Something that we don’t tell young people too often is about sex-accidents. Most sexually-active adults that I know have stories about bumped heads, bruised elbows, scars, scrapes, strains, etc from sex. Sex is a physical activity, like a sport, except we do it without protective gear over our genitals! It can hurt to have your cervix bumped by a bad angle, or to be inside someone’s vagina or anus when they sneeze. You could use a toy without a flanged base for anal play, and end up in the hospital. You can get accidentally bitten, or inhale when you meant to swallow. You can fall off the bed, or skid sideways, or strain tendonitis, or hit the headboard. It just happens sometimes, and it hurts first, and then (hopefully) is funny.
We forget to tell our young folks that sex is ridiculous, and that all sorts of mishaps, injuries, weird noises, weird fluids, or weird sensations come part and parcel with the physical act of engaging with genitals.

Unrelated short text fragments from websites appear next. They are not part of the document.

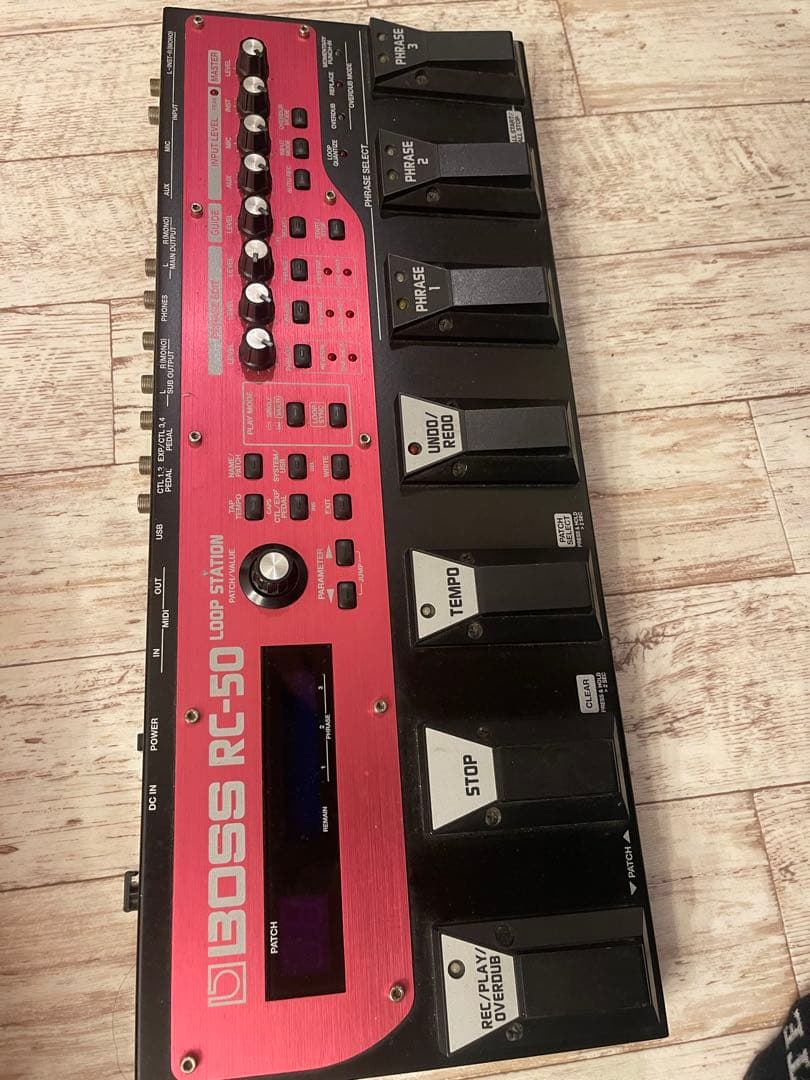 ギター BOSS RC50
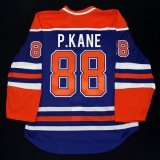 Thanks to SLOPPY we can see what it would look like if some #oilers fans dream came true. #firepower #PatrickKane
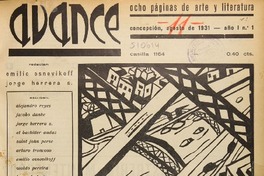 Avance (Concepción, Chile: 1931)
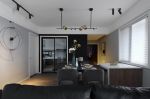 丰金紫金山庄北欧风格145平米四居室装修效果图案例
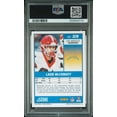 thumbnail image 2 of Graded 2024 Panini Score Ladd McConkey #328 Rookie RC Football Card PSA 10 Gem Mint, 2 of 2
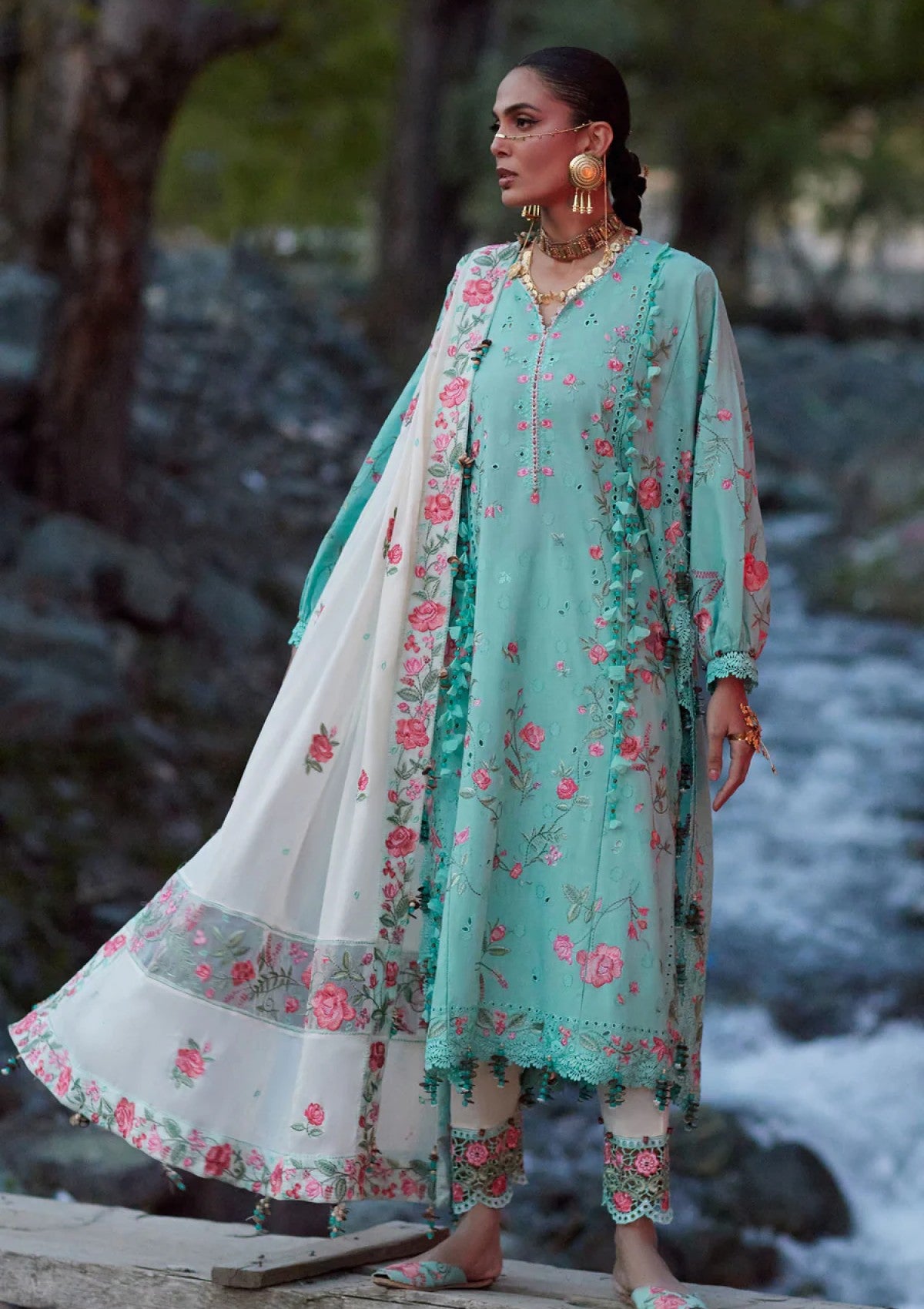 Elan Lawn Ekl-8B Kashmee Luxury 1 Elan Lawn Ekl-8B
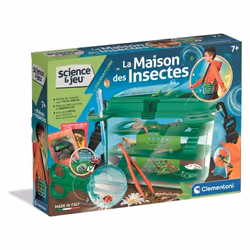 Clementoni La maison des insectes, 7 an(s)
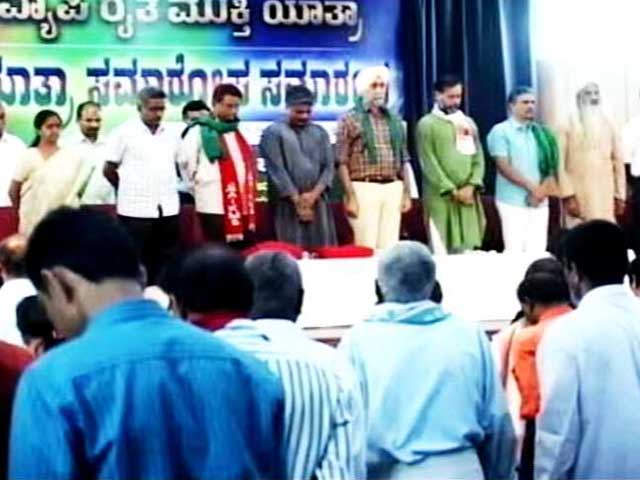 'PM, Keep Your Promise Or Leave': Angry Farmers Protest In Bengaluru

I’m not here to scare anyone reading this who has never had sex before. On the contrary – I want to show you that sex isn’t mysterious or sacred or unknowable – it involves parts of your bodies that you already own and (hopefully) have had a lot of one-on-one time with, getting to know them. It involves other people that you already know and (hopefully) have a good and respectful relationship with. It can hurt sometimes, and it doesn’t mean that you didn’t have enough foreplay or that you’re using the wrong hole. It just means that you need to do a little trouble-shooting. Talk to a parent, if you can. Talk to a doctor, if possible, or a trusted peer or mentor.
And if you don’t have any of those, talk to me.